__WHAT THE TASK REQUIRES__: The copy must match the data word for word and contain no pictures.

__RECORDED INFORMATION__:

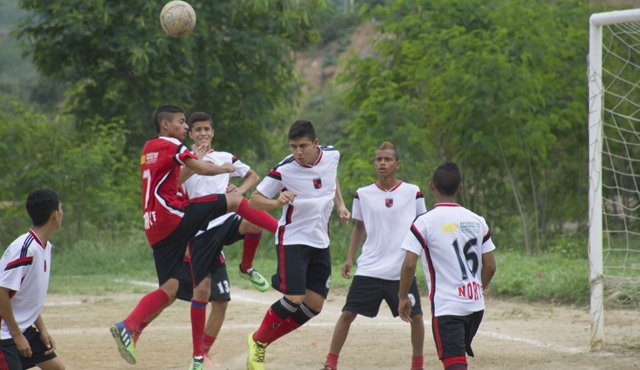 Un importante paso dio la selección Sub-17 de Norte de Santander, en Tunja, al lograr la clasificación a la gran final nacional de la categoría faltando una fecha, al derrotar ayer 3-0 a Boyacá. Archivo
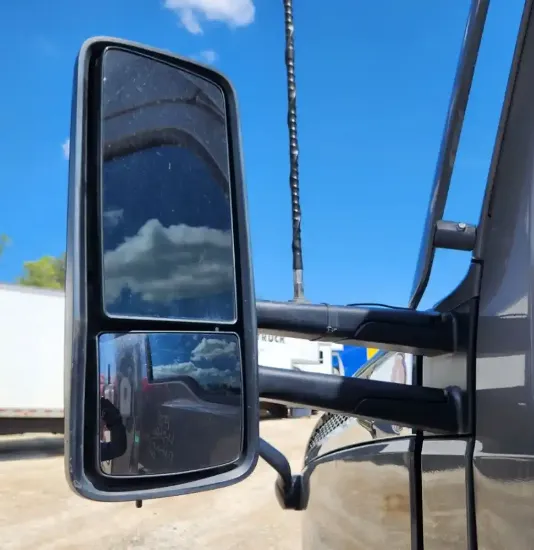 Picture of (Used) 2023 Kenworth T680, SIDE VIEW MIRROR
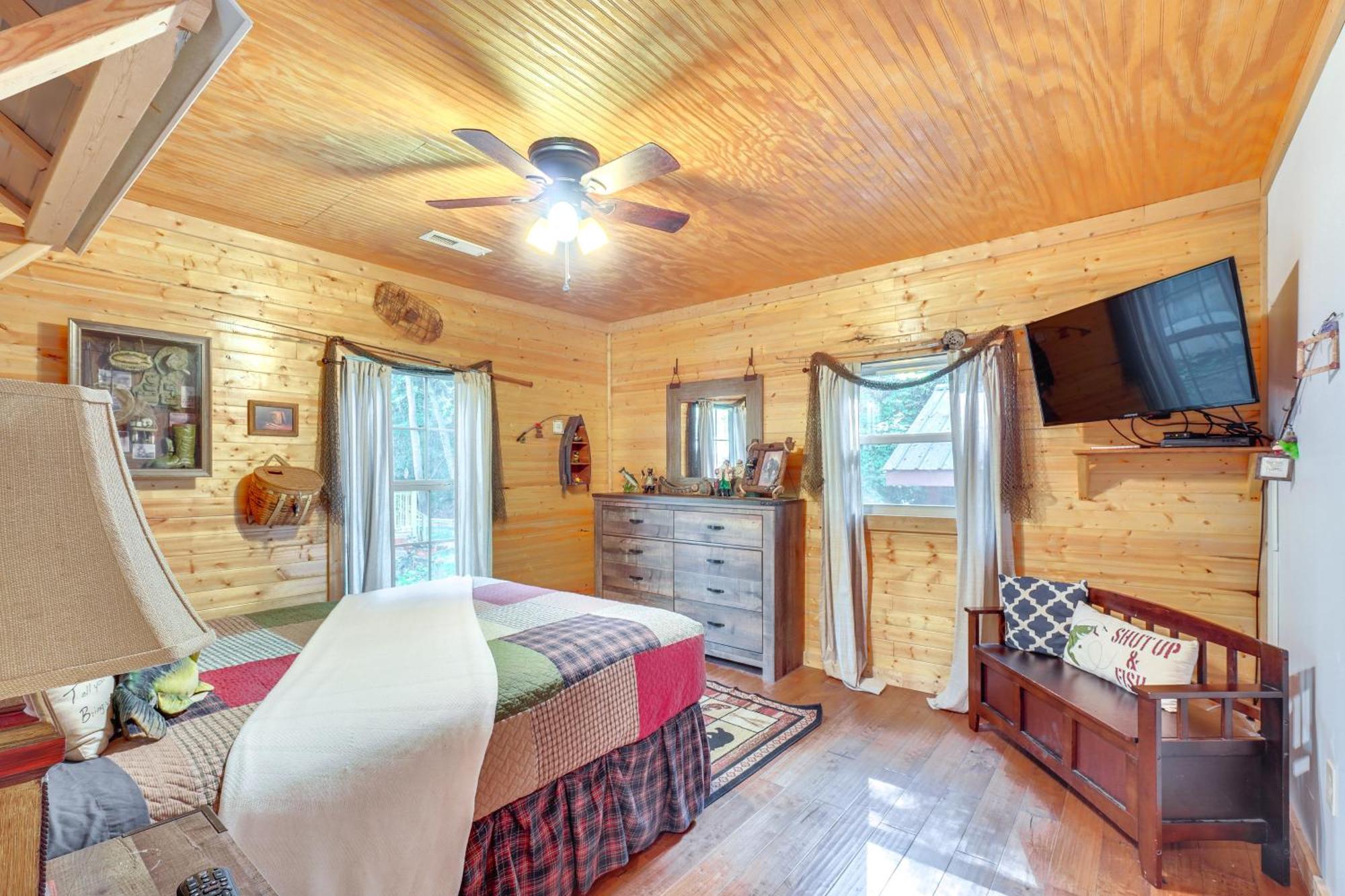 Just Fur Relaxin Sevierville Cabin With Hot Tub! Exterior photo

__SOLUTION__:
 Un importante paso dio la selección Sub-17 de Norte de Santander, en Tunja, al lograr la clasificación a la gran final nacional de la categoría faltando una fecha, al derrotar ayer 3-0 a Boyacá. Archivo
 Picture of (Used) 2023 Kenworth T680, SIDE VIEW MIRROR
 Just Fur Relaxin Sevierville Cabin With Hot Tub! Exterior photo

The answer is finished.